Investors, Advertisers and the Media Want In

In October, Cloud9 became the world’s most valuable eSports team after raising $50 million in outside funding. Meanwhile, a report in Forbes estimated that a total of nine eSports teams worldwide are worth at least $100 million. As one might naturally expect, those numbers have attracted the attention of some big-time investors, like Mark Cuban and traditional sports mogul Robert Kraft, who owns the New England Patriots. Kraft also paid $20 million to own the Boston-based team in Activision Blizzard’s Overwatch League prior to its launch last year. Even pro basketball legend Michael Jordan made an equity investment in a group that own Team Liquid, a well-known eSports organization.

Further, the industry is generating approximately $1.5 billion annually from sponsorships and advertising. In early February, for example, the Overwatch League announced that it has added Coca-Cola as its official beverage partner ahead of the 2019 season. Coca-Cola joins Toyota, T-Mobile, HP, and Intel as the league’s major advertisers.

Like traditional sports, eSports is premium content, and media companies and advertisers are both willing to pay for the ability to tap into these markets.
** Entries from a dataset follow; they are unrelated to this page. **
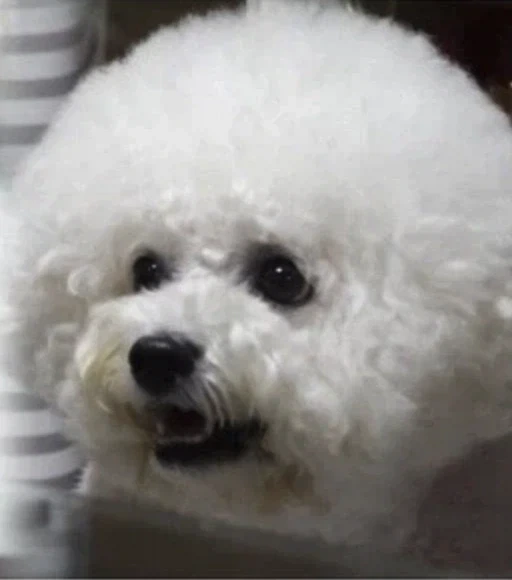 개를 약올리는 윤남노 쉐프_2.webp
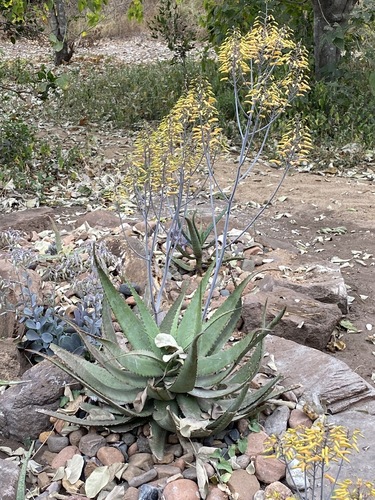 Aloe chabaudii image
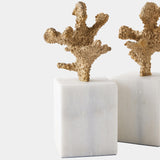 Coral Sculptures, Brass, Set of 2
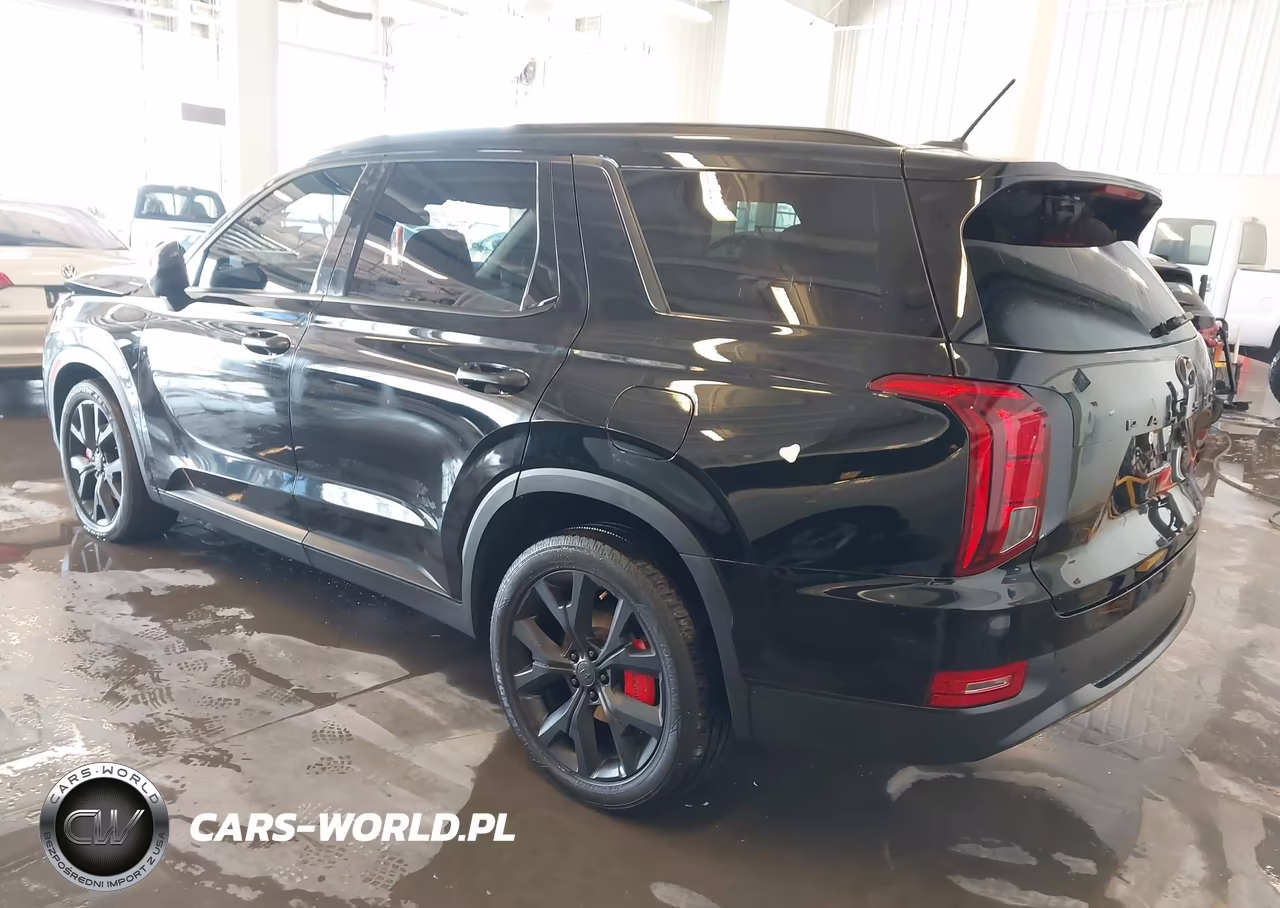 2020 Hyundai Palisade Sel VIN:KM8R3DHE3LU145225 - 3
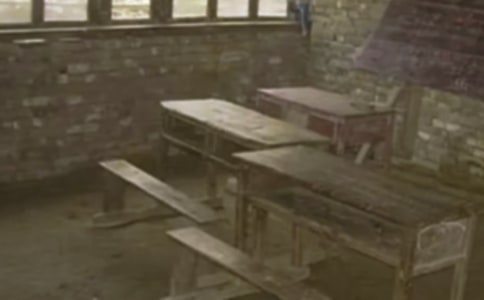 �l(xi��ng)��С�W�Z���n��΢������̽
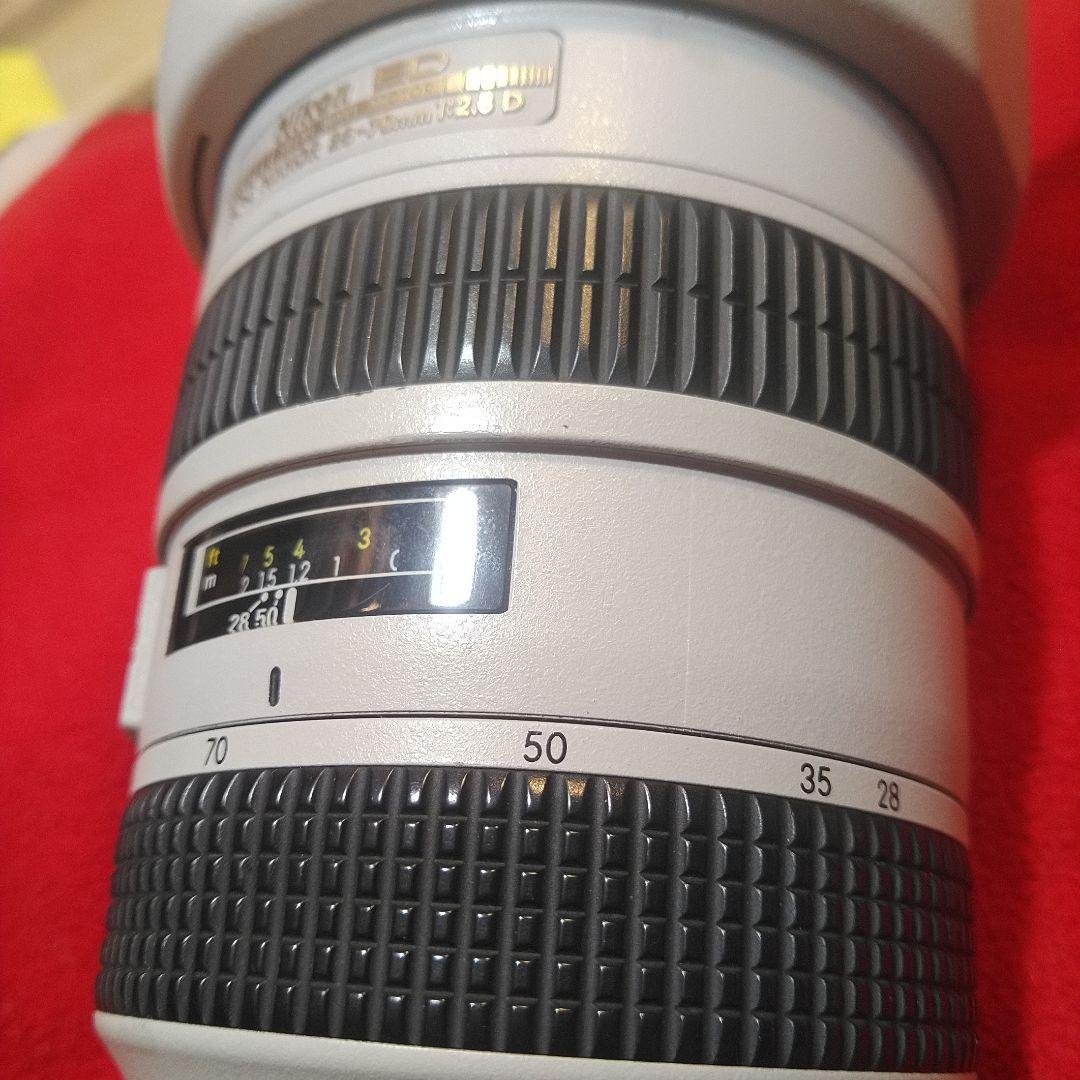Nikon AF-S 28-70mm f/2.8G ED　ライトグレー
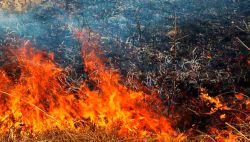 18 лесных пожаров ликвидировано в области за неделю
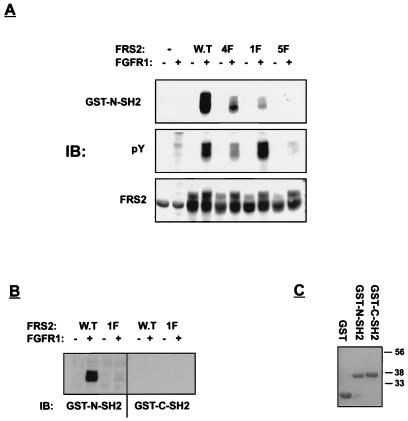 FIG. 3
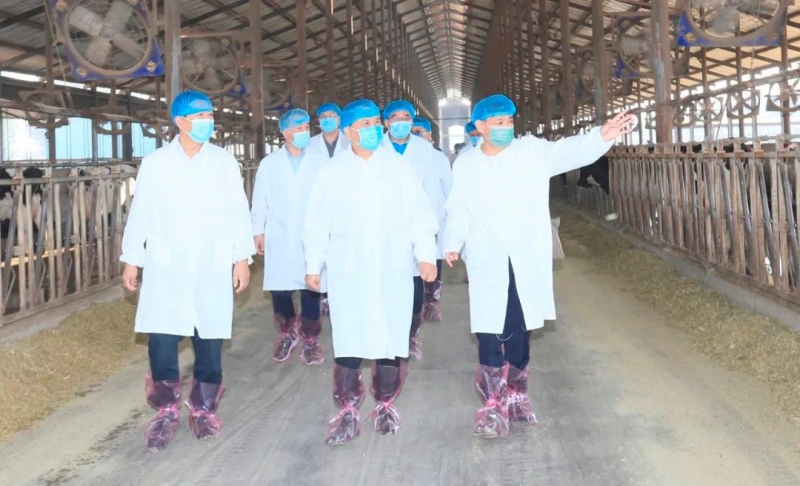 快讯丨河南省人民政府副省长武国定莅临2UP.IO（中国）乳业集团瑞亚牧业调研奶源基地建设情况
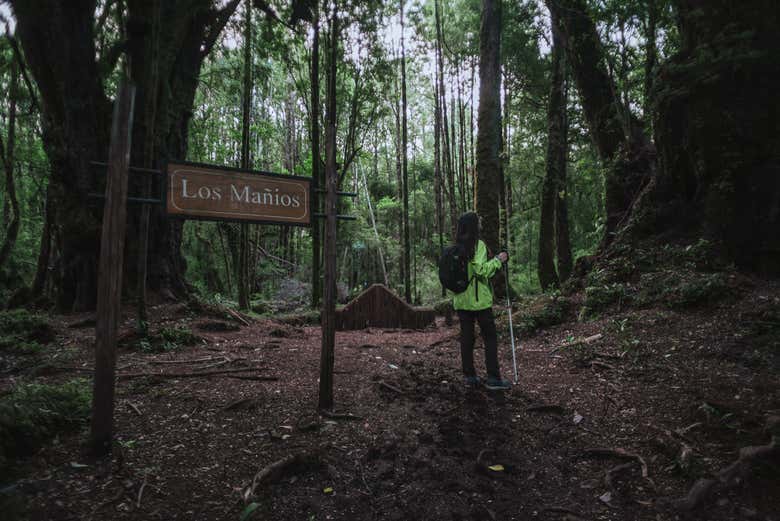 Los Mañíos do Parque Teuhueico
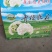 青梗散花菜花优质精品菜花，冷库大量出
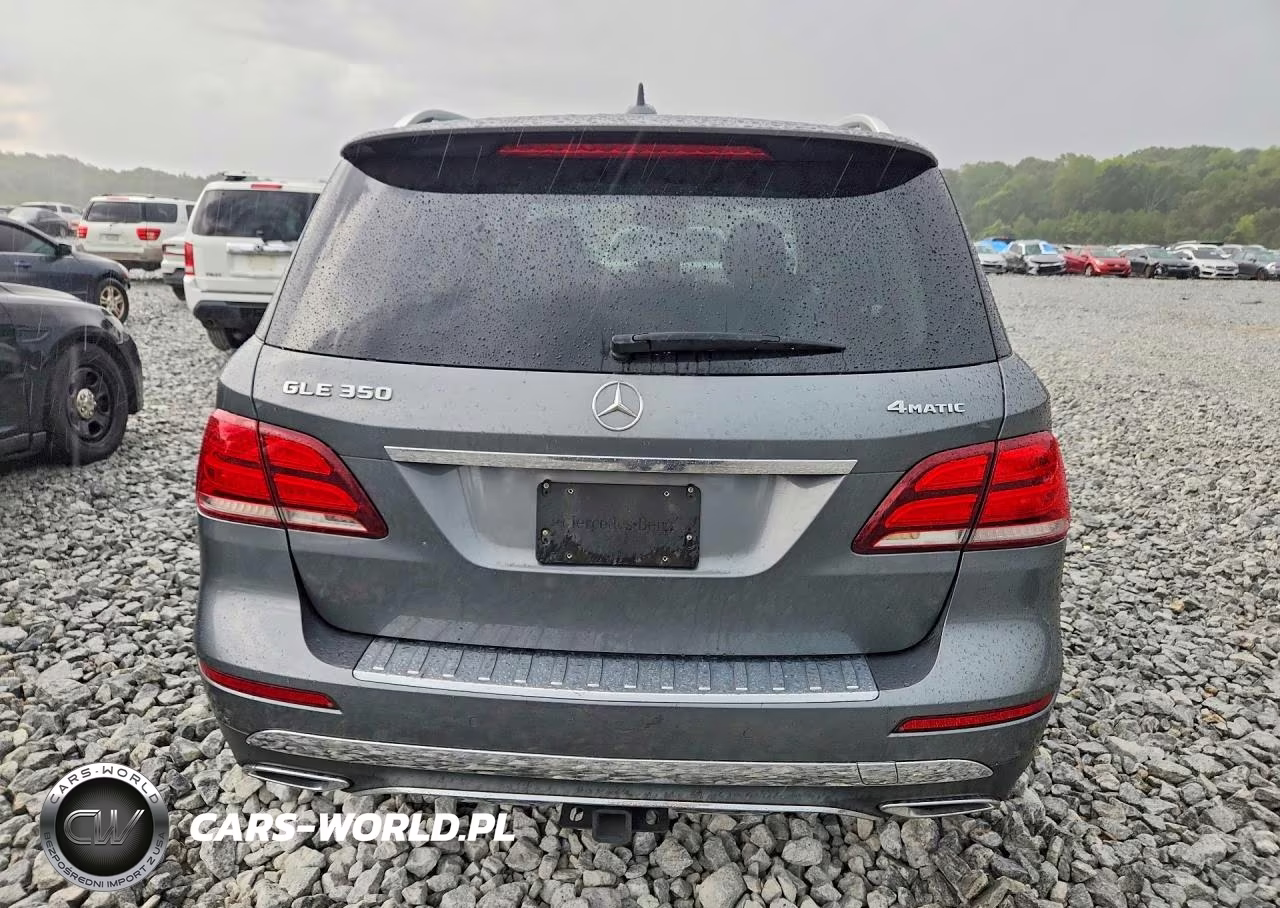 2017 Mercedes-Benz Gle 350 4Matic VIN:4JGDA5HB0HA905759 - 6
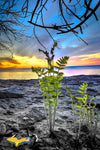 Michigan Royalty Free Stock Images Pictured Rocks Fern Sunset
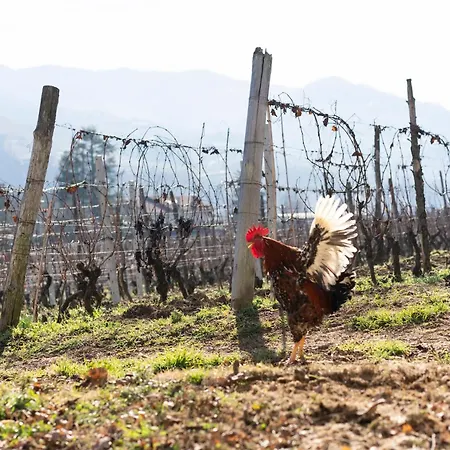 Venkovský dům Vigne Di Fagnano 1709 Eco Relais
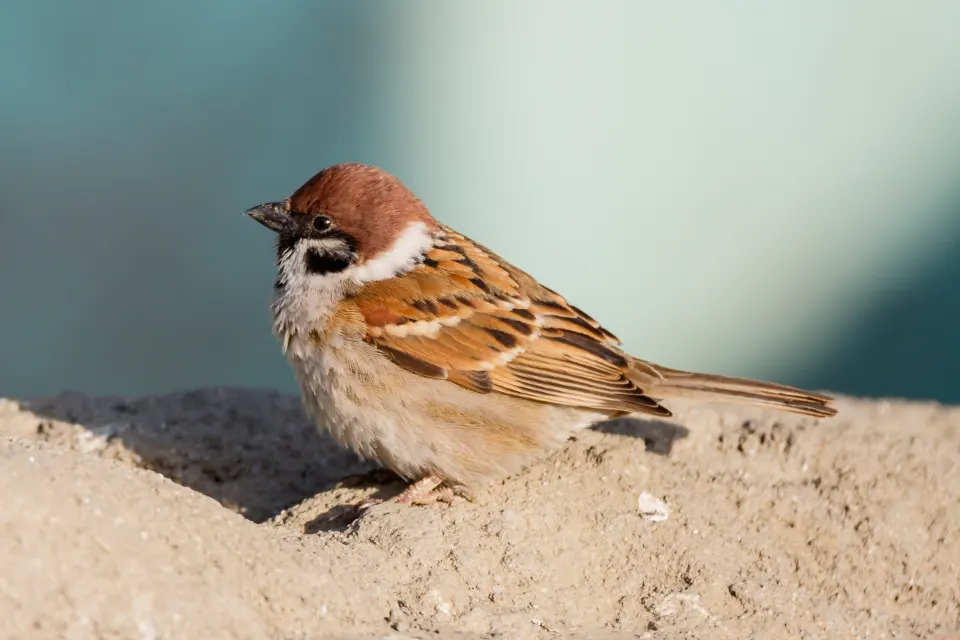 Eurasian Tree Sparrow, Passer montanus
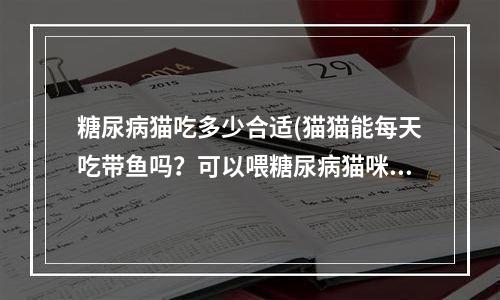 糖尿病猫吃多少合适(猫猫能每天吃带鱼吗？可以喂糖尿病猫咪吃什么？请专业人士回答最好是兽医，拜托啦！)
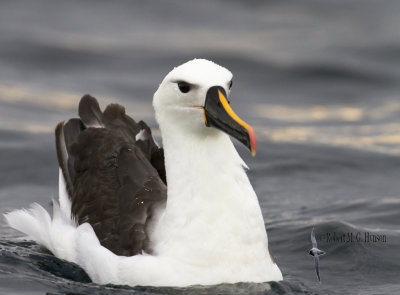 Yellow-nosed Albatross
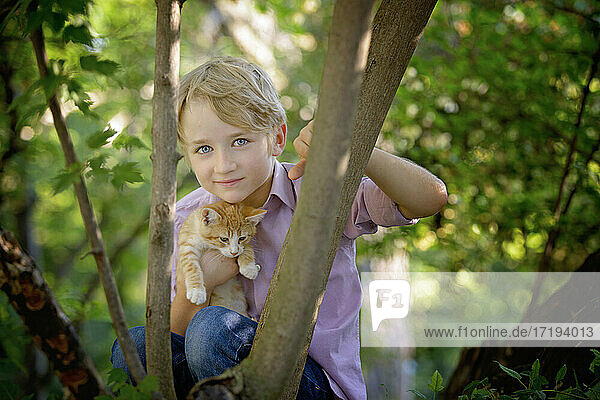 Little blond boy in a tree with a kitten in the country.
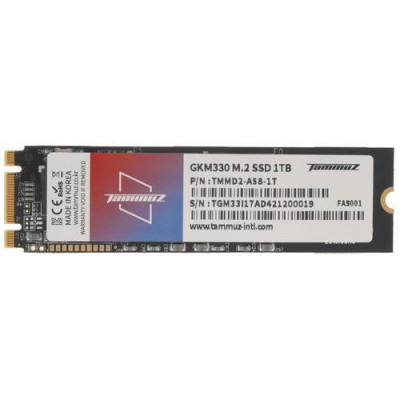 1000 ГБ SSD M.2 накопитель Tammuz GKM330 [TGM301TBA58], BT-4764714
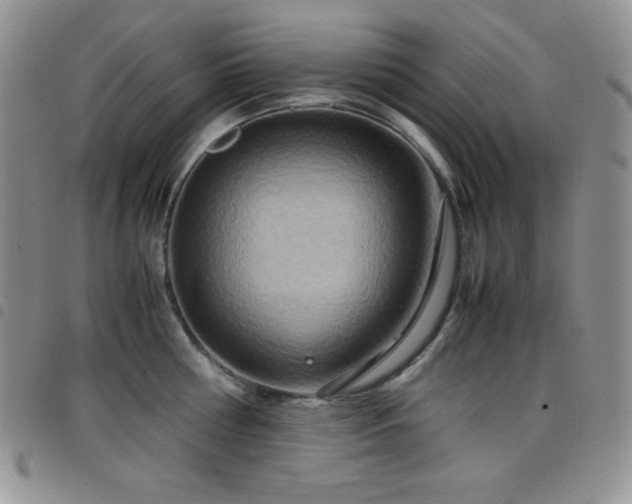 X0000099230810200804241451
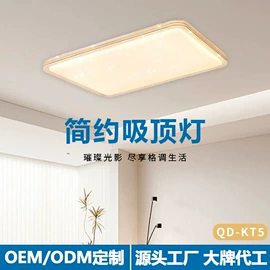 吸顶灯;筒灯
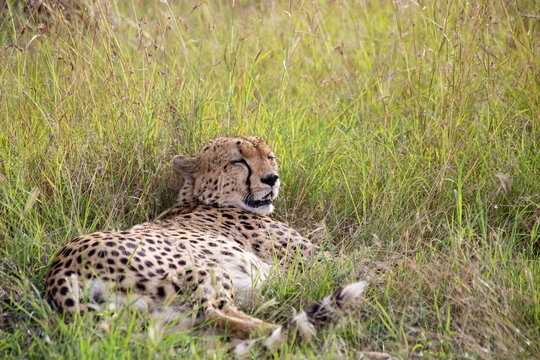 Wild cute cheetah chilling in the grass in Masai Mara National Reserve, Kenya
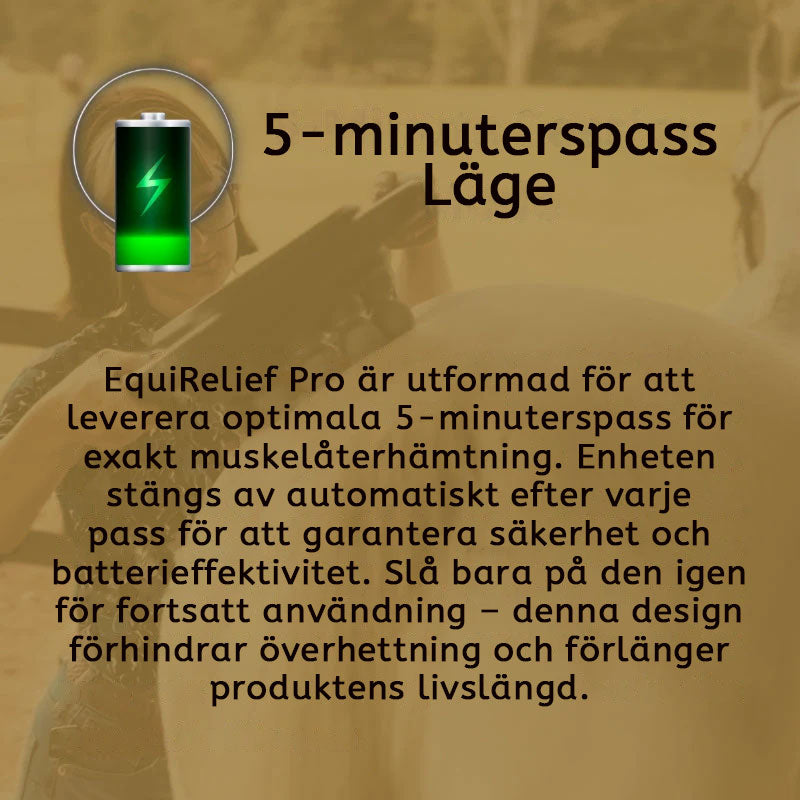 8 Köpfe Pferdemassagepistole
Twitch, a video game streaming service owned by Amazon, was the first to see the value of the Overwatch League, offering $90 million for digital rights to the first two seasons. And in July, Disney and ESPN announced that the Overwatch League playoffs and finals would be carried on channels Disney XD and ABC. This was a big validation for eSports, which have always operated on fringe media platforms.

For lawyers looking at this micro-niche, these advertising, media and sponsorship agreements mean contracts, negotiations, intellectual property disputes, and other legal work in this nascent realm.

eSports May Just Be Getting Started

The future of eSports may just be getting traction to move forward fast. Overwatch League has demonstrated how big the business can be, and now owner Activision Blizzard will be the first company to see how big it can make eSports grow with plans to go international in the near future.

Venues will also be built to house eSports events. In Los Angeles, Activision Blizzard built an eSports stadium for its Overwatch League this year, and we’ll see more purpose-built spaces in the coming years, particularly if expansion goes overseas.

Clearly, eSports is here to stay, and given the size of the business this early there’s no telling how big it will get — which is great news for the industry’s leader, Activision Blizzard, as well as for any lawyers who might want to get on this train early.